So tomorrow I talk to a bunch of cops, which probably means I shouldn’t arrive on my Harley while I simultaneously text and post blog comments. Actually it’s a conference of chiefs of police, and my job is to tell them about the future. I will wear body armour.
Reality is, public finances suck right now. Just as house lusty couples have mortgaged up their future to have GC-tops & SS today, whether they can afford them or not, so too have governments lived way beyond their means. The two are about to collide.
A few dozen people who work for the federal Industry Department had a crappy day yesterday when they lost their jobs. At least they have company. Seven hundred more are being fired at Public Works. More went at the organization which runs our museums. And more at Environment Canada.
In fact the federal public service is about to shrink by 11,000 people a year as the feds implement an austerity and downsizing program few people knew existed. No retiring workers will be replaced. Soon whole programs will be cut. Departments will be slimmed. Ottawa real estate will meet the Cookie Monster, aka Tony Clement. When asked if more people were about to be trashed he said: “I would say there are more layoffs coming, yes.”
But this is not just the feds. Every province but one (okay, okay… the first one to tell me which gets a book) is running a budget deficit. Some, like the $19-billion bottomless pit in Ontario, will be almost impossible to contain, unless health care is nailed and taxes goosed.
Cities? Forget it. Vancouver is a basket case, thanks to some recent sporting event. And Toronto is sinking faster than modesty at the Gay Pride parade. Debt there soared 20% last year and now stands at $4.4 billion. To pay the interest on that takes $400 million a year in tax revenues, which is more than the fire department costs. And every year, the debt rises more.
Imagine. Every Torontonian coughing up a double land transfer tax, per-garbage-bag levies and a car tax, while watching the province’s debt rising by almost $20 billion a year and the feds spending $40.5 billion more than they take in. It’s unprecedented. Never before in history – even during the Depression – did virtually every government in the country pee away more money than it took in.
This is called leverage. It’s when you need to borrow to get what you want because you can’t afford it. It’s a fundamental principal of real estate ownership these days, and also a reason why the cops won’t like what I have to tell them. Because leverage can’t last.

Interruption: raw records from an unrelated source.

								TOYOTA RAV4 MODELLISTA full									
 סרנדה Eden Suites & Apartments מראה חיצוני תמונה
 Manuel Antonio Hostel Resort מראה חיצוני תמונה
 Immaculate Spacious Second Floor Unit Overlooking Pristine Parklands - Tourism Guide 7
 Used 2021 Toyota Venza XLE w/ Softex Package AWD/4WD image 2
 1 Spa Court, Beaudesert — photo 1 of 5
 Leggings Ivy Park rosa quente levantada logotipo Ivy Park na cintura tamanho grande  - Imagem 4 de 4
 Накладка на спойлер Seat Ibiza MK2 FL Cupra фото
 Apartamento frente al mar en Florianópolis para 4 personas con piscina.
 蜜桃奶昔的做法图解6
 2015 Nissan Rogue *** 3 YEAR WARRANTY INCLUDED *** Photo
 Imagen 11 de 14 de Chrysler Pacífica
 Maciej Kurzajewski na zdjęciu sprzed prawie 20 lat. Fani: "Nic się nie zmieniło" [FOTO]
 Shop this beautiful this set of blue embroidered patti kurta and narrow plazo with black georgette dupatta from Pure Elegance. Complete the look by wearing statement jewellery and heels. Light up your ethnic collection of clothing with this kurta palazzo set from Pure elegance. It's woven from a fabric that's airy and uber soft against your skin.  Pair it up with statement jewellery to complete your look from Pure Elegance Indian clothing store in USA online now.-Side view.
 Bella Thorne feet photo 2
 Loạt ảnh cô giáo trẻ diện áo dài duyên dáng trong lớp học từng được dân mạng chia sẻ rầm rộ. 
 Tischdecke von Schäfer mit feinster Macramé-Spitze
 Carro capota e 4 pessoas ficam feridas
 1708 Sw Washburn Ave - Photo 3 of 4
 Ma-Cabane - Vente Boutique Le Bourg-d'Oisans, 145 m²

Take Greece. Those ouzo-swillers have been living on leverage since Aristotle was a rock star, and the results are in. Interest rates soared, bonds crashed, banks are wobbling, the government’s under siege and a national debt default (at some point, inevitable) will wipe away pensions and public services.
Too much leverage is why some US cities don’t answer most 9-1-1 calls anymore and teachers are being laid off. Beleaguered taxpayers simply hit the wall and are unable to finance governments which need money just to pay the interest on old debt, while they accumulate new debt. We’re not there yet, but we’re on the path. Every leader knows it, and now that H has his majority he’s determined not to go into history as they guy who left the cupboard bare and sold off the copper plumbing.
This is why deleveraging is coming. It’ll happen through austerity, cutbacks and layoffs. The stimulus spending that kept recession from becoming depression will end. Civil service (and corporate) pensions will be under review, then attack. Government will of necessity become smaller and meaner, and not necessarily without a measure of public support – since the alternative is endlessly higher taxes.
Of course, taxes will go up anyway. It’s one good reason you might want to stop stuffing your RRSP. The odds are in future personal tax rate increases mean you pay more money in tax on withdrawals than you ever saved on contributions.
For house hornies, this is not cool. With deleveraging comes less economic growth. With public sector layoffs and pension revisions come downward pressure on private sector wages and benefits. This is not what a nation needs where half of us, effectively, have no savings and household debt’s endemic. Thousands of young fools with no money bought houses since 2008 convinced they could borrow big because economic recovery would bring rising prices to wipe away their debt. Surprise.
And I haven’t mentioned European debt, a stagnant America, unreliable China, a nuke-oil crisis or the threat posed by Canuck fans.
Which brings me back to the cops. We might be needing more of them.